From Moerdijk, Classifying spaces and classifying topoi, page 22. Consider a right $G$-set $S$ with the discrete topology. Let $E$ be a principal $G$-bundle over the topological space $X$. One can construct another principal $G$-bundle $S\otimes_G E$ as the quotient of $S\times E$ by the equivalence relation $(s\cdot g,e)\sim(s, g\cdot e)$. Moreover, one can construct another right $G$-set substituting $E$ by the set $\tilde G$, which is $G$ with the right multiplication action (but which, being $G$, supports also left multiplication and so the relation is well defined). So consider an arbitrary topos morphism $f:Sh(X)\longrightarrow \mathcal BG$, where the domain is the topos of sheaves on $X$ and the codomain is the topos of right $G$-sets.

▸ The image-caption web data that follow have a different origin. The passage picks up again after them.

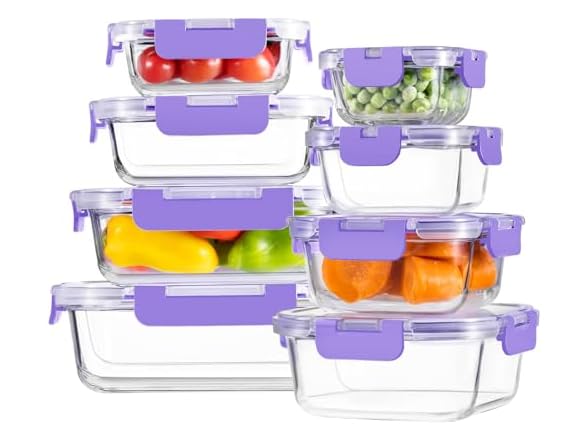 HOMBERKING 8pk Purple Glass Food Containers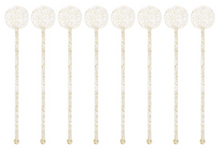 Plastic Gold Glitter Drink Stirrers 8ct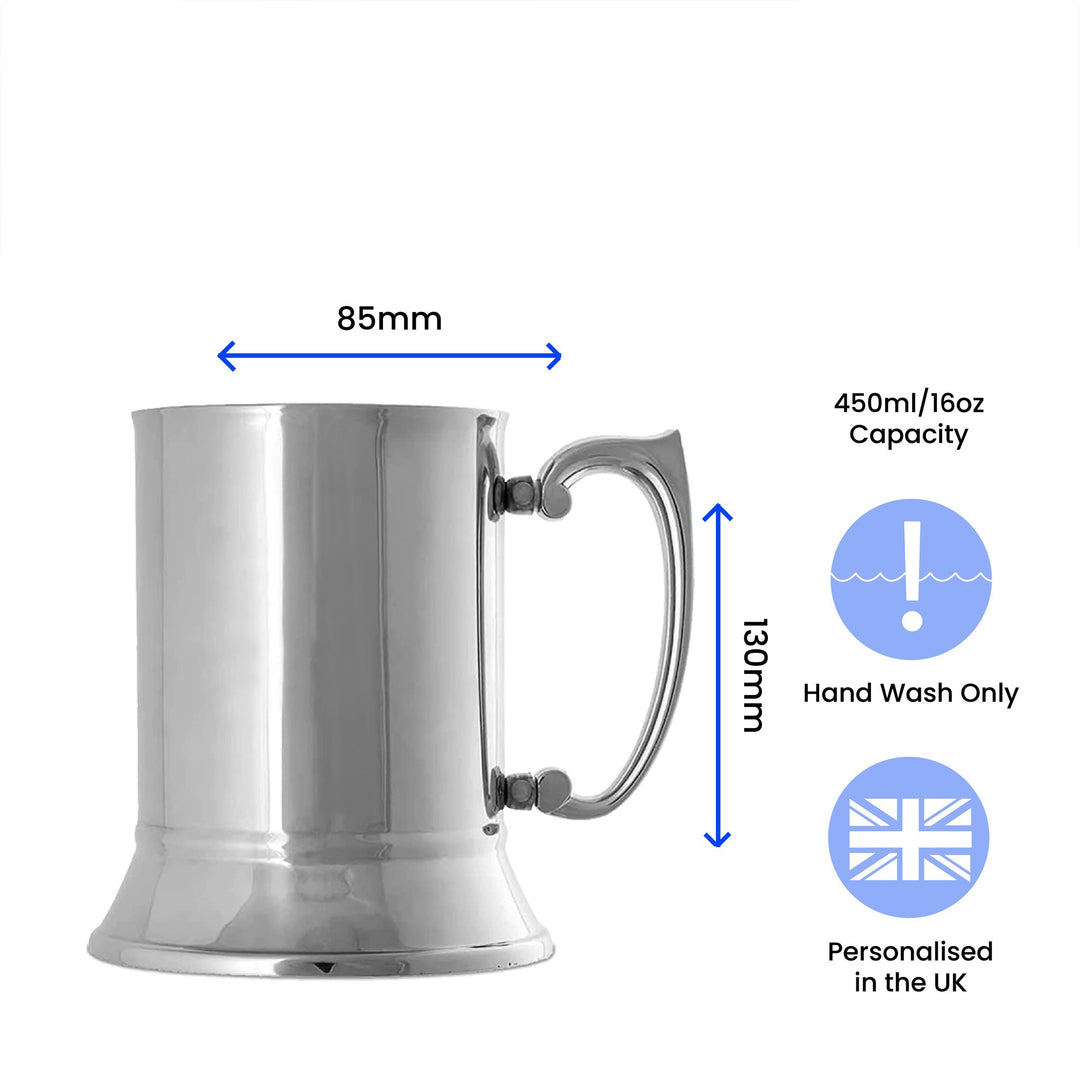 Engraved Coronation Emblem Stainless Steel Tankard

The aim is to prove that, for any $S$,
$$(S\otimes_G\tilde G)\otimes_G f^*(\tilde G)\cong f^*(S \otimes_G\tilde G);$$
from this it will follow that, since $S\otimes_G\tilde G\cong S$, then
$$S\otimes_G f^*(G)\cong f^*(S \otimes_G\tilde G)\cong f^*(S)$$
and so the functors $-\otimes_G f^*(G)$ and $f^*$ coincide.

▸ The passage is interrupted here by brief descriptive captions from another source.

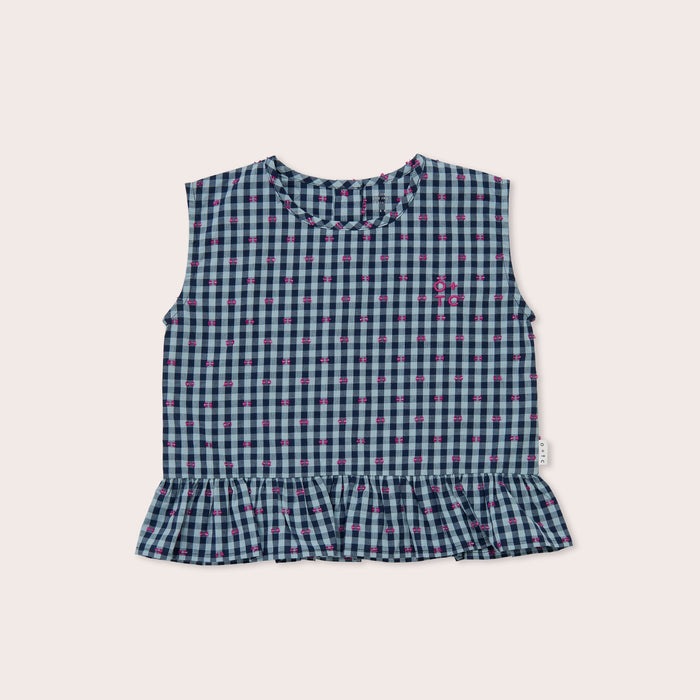 OLIVE AND THE CAPTAIN - GINGHAM BOWS BOXY FRILL SINGLET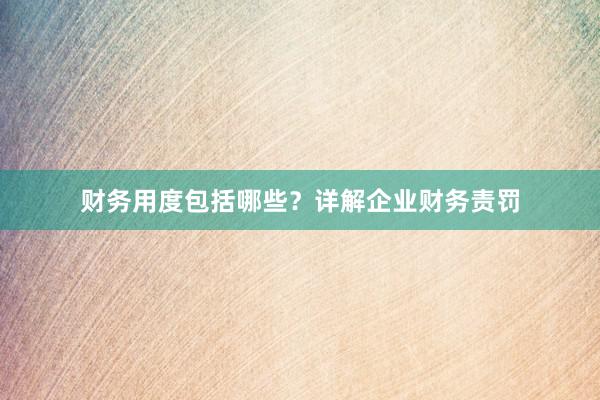 财务用度包括哪些？详解企业财务责罚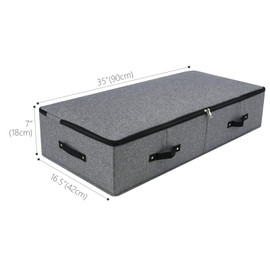 AMJ Extra Length Under Bed Storage Organization Containers for Shoes, Clothing, Bedding, 35.5 x 16.5 x 7“, Black Gray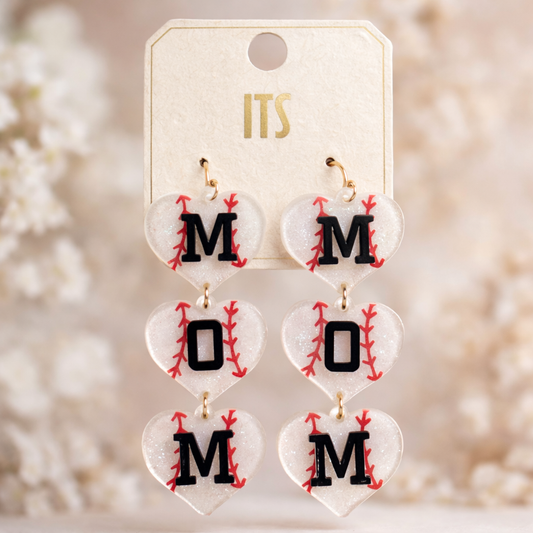 Mom Baseball Heart Dangle Earrings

Can someone give me a hint in order to prove the key isomorphism? I tried with universal properties, but I find some problems in dealing with maps from $G$-sets to sheaves, which are not very natural unless they are actually $f^*$...
Thank you in advance.
It's easier to just prove directly that $f^{\ast}(-)$ coincides with $(-) \otimes_G f^{\ast}(G)$. The point is that both of these functors are cocontinuous in their argument, and right $G$-sets is (freely) generated under colimits by $G$. So to show that they agree it suffices to show that they agree at $G$. Plugging in $G$ gives $f^{\ast}(G)$ and $G \otimes_G f^{\ast}(G) \cong f^{\ast}(G)$ respectively.